▸ Task statement: Quote exactly the lines spanning from the top of the data below to the line that contains "Classic Unisex T-Shirt - MYWMFMAM", including both.

▸ Supplied material:
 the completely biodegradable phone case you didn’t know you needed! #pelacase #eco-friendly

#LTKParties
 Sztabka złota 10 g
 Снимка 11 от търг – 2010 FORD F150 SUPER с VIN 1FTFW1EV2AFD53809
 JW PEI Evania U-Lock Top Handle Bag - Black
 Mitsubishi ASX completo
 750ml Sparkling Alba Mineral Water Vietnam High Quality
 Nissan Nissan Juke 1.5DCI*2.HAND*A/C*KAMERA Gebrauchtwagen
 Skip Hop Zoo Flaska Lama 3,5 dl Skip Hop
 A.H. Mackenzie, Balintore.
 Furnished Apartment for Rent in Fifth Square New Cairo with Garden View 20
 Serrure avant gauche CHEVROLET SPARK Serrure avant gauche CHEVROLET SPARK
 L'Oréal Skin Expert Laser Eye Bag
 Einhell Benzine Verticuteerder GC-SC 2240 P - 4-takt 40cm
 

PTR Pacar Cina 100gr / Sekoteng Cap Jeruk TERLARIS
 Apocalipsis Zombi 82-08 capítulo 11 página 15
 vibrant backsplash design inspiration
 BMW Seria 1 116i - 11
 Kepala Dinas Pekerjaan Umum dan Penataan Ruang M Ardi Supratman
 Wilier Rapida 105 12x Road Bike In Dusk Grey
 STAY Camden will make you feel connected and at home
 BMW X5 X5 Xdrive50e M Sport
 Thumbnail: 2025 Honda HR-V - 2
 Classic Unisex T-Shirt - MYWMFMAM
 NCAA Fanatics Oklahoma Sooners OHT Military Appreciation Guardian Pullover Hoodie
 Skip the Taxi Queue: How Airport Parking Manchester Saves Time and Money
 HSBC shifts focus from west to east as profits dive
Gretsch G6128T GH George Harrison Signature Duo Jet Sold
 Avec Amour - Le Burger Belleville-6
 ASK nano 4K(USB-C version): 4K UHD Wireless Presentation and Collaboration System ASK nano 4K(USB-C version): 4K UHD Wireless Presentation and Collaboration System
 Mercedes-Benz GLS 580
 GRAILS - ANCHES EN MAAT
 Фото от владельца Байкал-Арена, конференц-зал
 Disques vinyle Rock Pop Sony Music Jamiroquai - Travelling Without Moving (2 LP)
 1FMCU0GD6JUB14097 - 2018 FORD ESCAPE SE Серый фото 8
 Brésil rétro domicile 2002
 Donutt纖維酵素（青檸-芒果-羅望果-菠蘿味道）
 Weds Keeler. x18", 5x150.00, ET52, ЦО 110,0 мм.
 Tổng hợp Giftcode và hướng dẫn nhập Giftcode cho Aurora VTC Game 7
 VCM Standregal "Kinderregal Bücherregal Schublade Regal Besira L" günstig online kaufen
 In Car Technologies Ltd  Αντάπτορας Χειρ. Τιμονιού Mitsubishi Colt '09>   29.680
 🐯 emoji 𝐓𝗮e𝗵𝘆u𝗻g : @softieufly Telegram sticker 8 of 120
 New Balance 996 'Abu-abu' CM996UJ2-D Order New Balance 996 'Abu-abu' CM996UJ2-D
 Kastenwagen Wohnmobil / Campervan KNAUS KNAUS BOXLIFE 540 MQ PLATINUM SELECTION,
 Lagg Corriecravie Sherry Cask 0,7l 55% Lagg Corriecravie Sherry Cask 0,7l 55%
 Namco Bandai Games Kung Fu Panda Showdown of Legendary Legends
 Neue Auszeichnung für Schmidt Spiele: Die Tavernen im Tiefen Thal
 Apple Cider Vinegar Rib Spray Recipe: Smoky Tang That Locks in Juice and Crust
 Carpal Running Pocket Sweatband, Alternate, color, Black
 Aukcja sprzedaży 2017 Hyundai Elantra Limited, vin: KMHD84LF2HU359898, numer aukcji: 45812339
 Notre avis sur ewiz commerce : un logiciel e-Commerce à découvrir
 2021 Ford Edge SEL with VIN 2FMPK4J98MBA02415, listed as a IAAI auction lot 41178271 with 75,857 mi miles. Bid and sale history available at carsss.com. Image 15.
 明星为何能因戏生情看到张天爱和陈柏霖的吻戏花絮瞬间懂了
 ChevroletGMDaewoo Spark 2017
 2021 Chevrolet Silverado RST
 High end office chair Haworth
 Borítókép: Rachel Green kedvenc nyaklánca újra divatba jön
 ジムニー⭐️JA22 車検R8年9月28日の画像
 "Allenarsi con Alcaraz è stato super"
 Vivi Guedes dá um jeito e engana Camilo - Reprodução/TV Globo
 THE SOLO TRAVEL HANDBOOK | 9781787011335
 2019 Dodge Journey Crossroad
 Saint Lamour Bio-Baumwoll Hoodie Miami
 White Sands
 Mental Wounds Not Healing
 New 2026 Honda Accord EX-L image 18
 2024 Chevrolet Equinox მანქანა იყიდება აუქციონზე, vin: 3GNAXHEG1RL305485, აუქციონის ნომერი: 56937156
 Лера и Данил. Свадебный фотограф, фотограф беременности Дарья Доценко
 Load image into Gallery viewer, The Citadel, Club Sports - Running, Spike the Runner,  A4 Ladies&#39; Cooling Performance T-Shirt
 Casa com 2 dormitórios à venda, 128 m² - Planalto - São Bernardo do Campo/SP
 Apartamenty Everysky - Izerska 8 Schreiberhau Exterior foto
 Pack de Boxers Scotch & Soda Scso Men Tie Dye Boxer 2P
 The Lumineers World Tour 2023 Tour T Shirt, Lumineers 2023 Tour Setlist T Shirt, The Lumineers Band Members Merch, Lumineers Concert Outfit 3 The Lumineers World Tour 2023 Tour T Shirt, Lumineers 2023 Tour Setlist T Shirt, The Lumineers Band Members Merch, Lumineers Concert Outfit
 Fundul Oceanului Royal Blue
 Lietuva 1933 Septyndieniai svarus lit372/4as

▸ Solution to this exercise:
 the completely biodegradable phone case you didn’t know you needed! #pelacase #eco-friendly

#LTKParties
 Sztabka złota 10 g
 Снимка 11 от търг – 2010 FORD F150 SUPER с VIN 1FTFW1EV2AFD53809
 JW PEI Evania U-Lock Top Handle Bag - Black
 Mitsubishi ASX completo
 750ml Sparkling Alba Mineral Water Vietnam High Quality
 Nissan Nissan Juke 1.5DCI*2.HAND*A/C*KAMERA Gebrauchtwagen
 Skip Hop Zoo Flaska Lama 3,5 dl Skip Hop
 A.H. Mackenzie, Balintore.
 Furnished Apartment for Rent in Fifth Square New Cairo with Garden View 20
 Serrure avant gauche CHEVROLET SPARK Serrure avant gauche CHEVROLET SPARK
 L'Oréal Skin Expert Laser Eye Bag
 Einhell Benzine Verticuteerder GC-SC 2240 P - 4-takt 40cm
 

PTR Pacar Cina 100gr / Sekoteng Cap Jeruk TERLARIS
 Apocalipsis Zombi 82-08 capítulo 11 página 15
 vibrant backsplash design inspiration
 BMW Seria 1 116i - 11
 Kepala Dinas Pekerjaan Umum dan Penataan Ruang M Ardi Supratman
 Wilier Rapida 105 12x Road Bike In Dusk Grey
 STAY Camden will make you feel connected and at home
 BMW X5 X5 Xdrive50e M Sport
 Thumbnail: 2025 Honda HR-V - 2
 Classic Unisex T-Shirt - MYWMFMAM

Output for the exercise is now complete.